___ AVAILABLE DATA
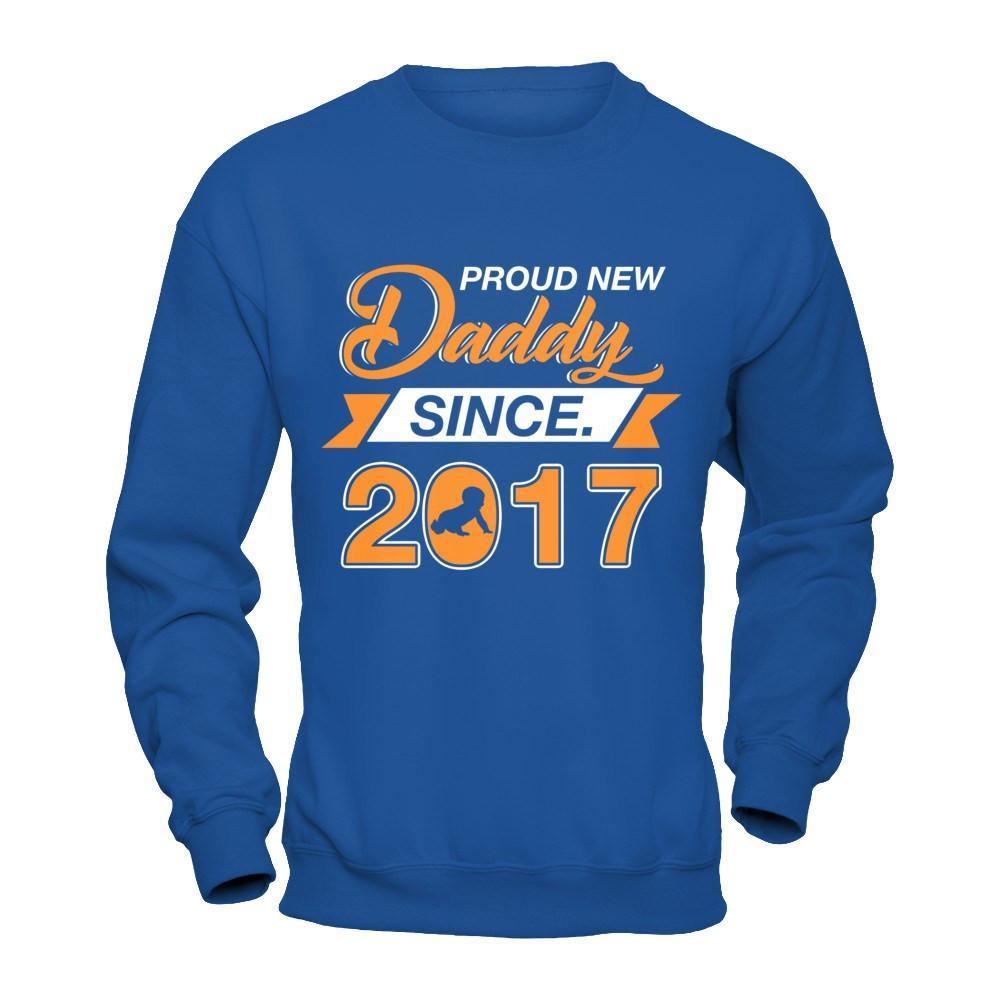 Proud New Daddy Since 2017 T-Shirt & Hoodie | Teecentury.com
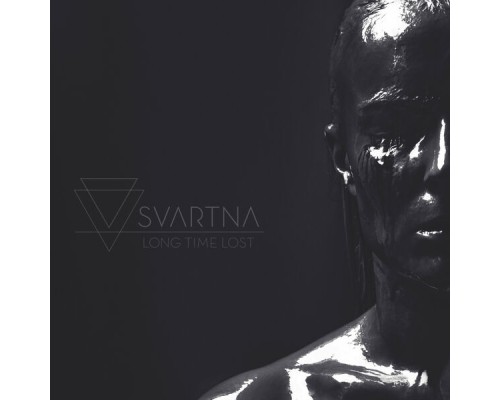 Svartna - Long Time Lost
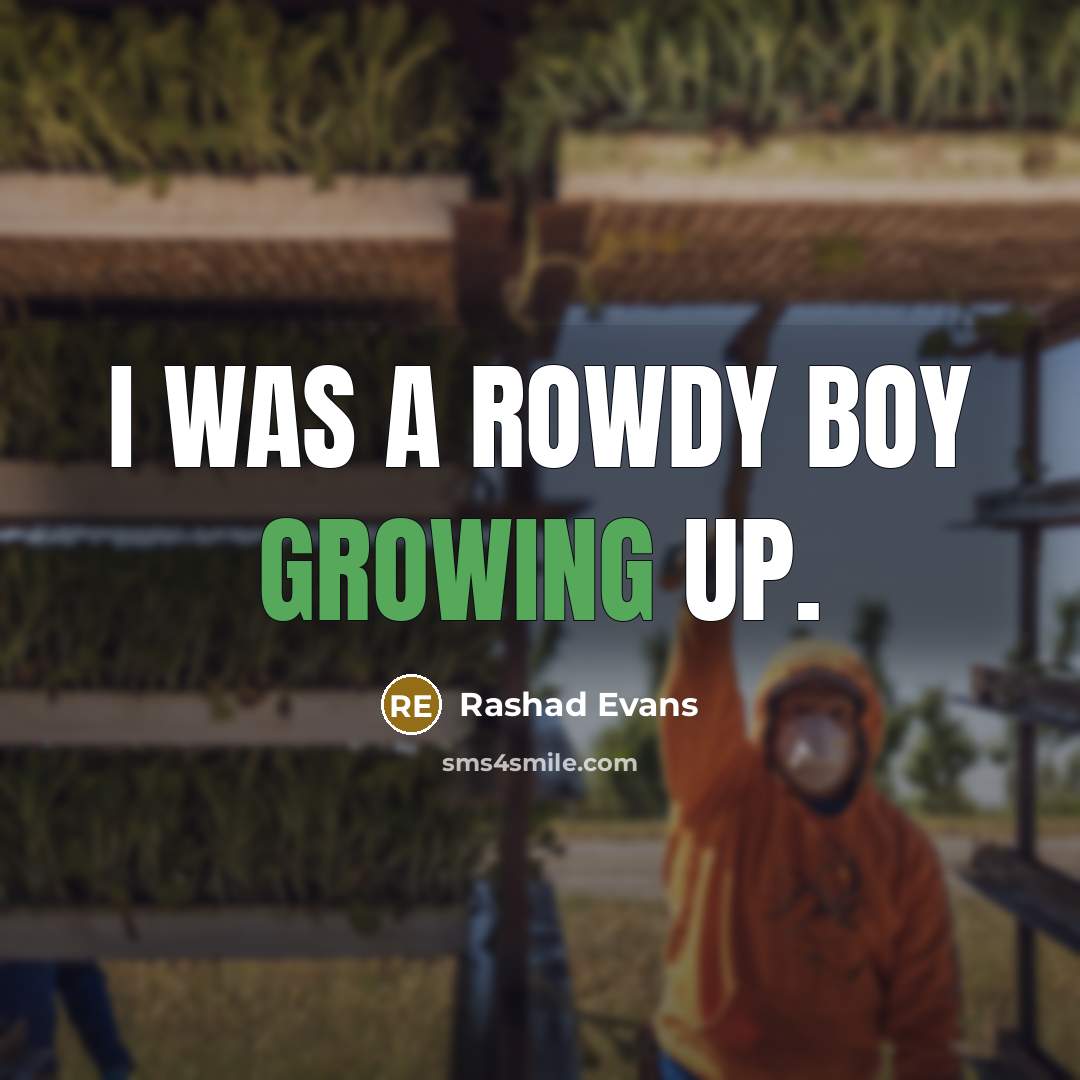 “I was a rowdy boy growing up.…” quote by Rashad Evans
______
YOUR OBJECTIVE
No pictures belong in the copy. Repeat the listing above exactly.

YOUR RESPONSE
 Proud New Daddy Since 2017 T-Shirt & Hoodie | Teecentury.com
 Svartna - Long Time Lost
 “I was a rowdy boy growing up.…” quote by Rashad Evans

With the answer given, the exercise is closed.